Path: utzoo!utgpu!water!watmath!clyde!rutgers!sri-spam!ames!sdcsvax!ucsdhub!esosun!seismo!uunet!sco!chapman
From: chapman@sco.COM (Brian Chapman Mx321)
Newsgroups: sci.crypt
Subject: Re: how do you tell encrytped data from random data?
Message-ID: <275@sysco>
Date: 18 Jan 88 23:34:53 GMT
References: <660@bucket.UUCP>
Reply-To: chapman@sco.COM (Brian Chapman Mx321)
Organization: The Santa Cruz Operation, Inc.
Lines: 38

In article <660@bucket.UUCP> leonard@bucket.UUCP (Leonard Erickson) writes:
< An interesting question has crossed my mind. If someone presents you with
< an allegedly encrypted message, How can you tell if it really is encrypted
< as opposed to being a bunch of random characters?

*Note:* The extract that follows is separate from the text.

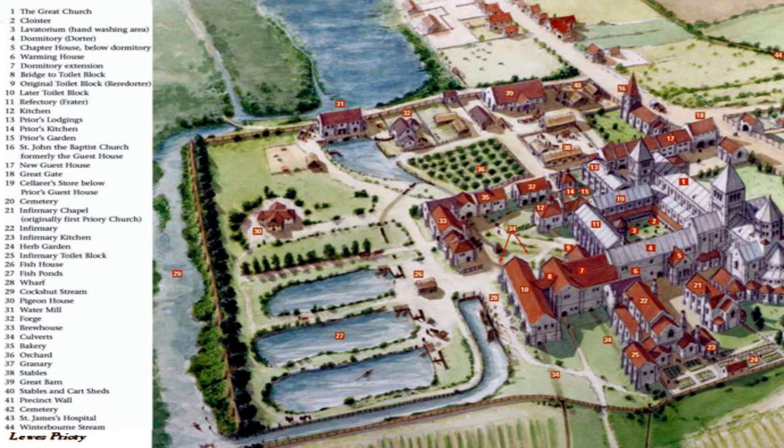And if you really want to look closely, this is the numbered and descriptive view of Lewis Priory, showing all of these elements together.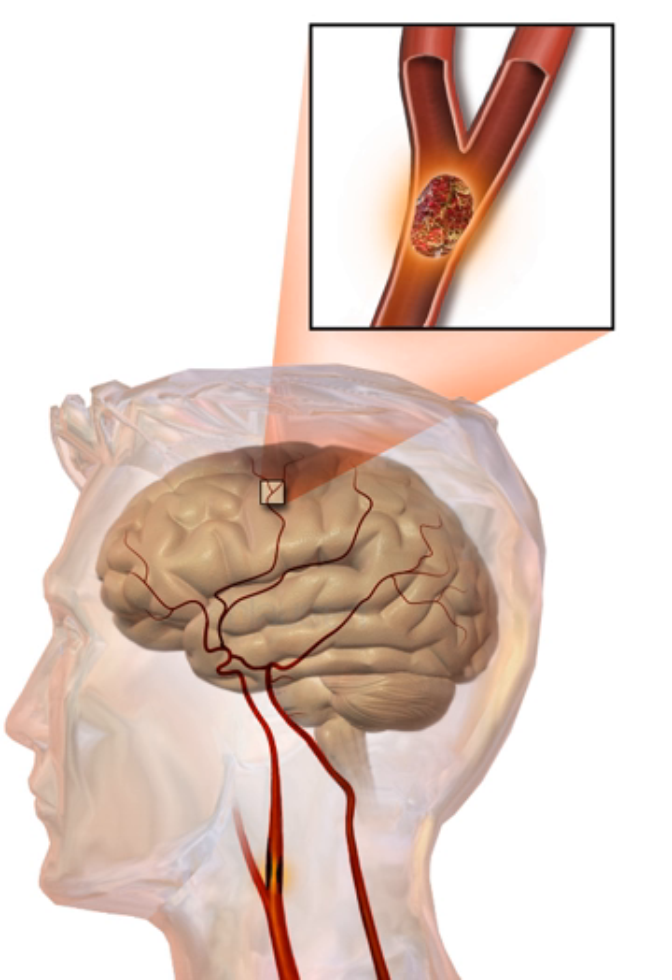Given the disease burden of strokes, prevention is an important public health concern. Primary prevention is less effective than secondary prevention. In those who are otherwise healthy, aspirin does not appear beneficial and thus is not recommended. In people who have had a myocardial infarction or those with a high cardiovascular risk, it provides some protection against a first stroke. In those who have previously had a stroke, treatment with medications such as aspirin, clopidogrel, and dipyridamole may be beneficial. The US Preventive Services Task Force recommends against screening for carotid artery stenosis in those without symptoms.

It is the goal of any good encryption technique, in this class
of techniques, to make the data look random.
Any sort of pattern in the encrypted data is a crack you can
drive a decryption wedge into.

< I know that transposition and *simple* substitution can be detected by
< letter frequency analysis. But is a "flat" distibution evidence of random
< data?
< For my purposes, both "one-time pad" ciphers and anything that operates on
< units other than characters can be considered random! If it is that complex,
< then I'm not likely to crack it!

Yet UNIX crypt is a simple substitution code with the extra twists
that the offset in the file is added to the character (mod 256)
and you change substution tables every 256 characters.
This tends to flatten out a naively taken distrubution.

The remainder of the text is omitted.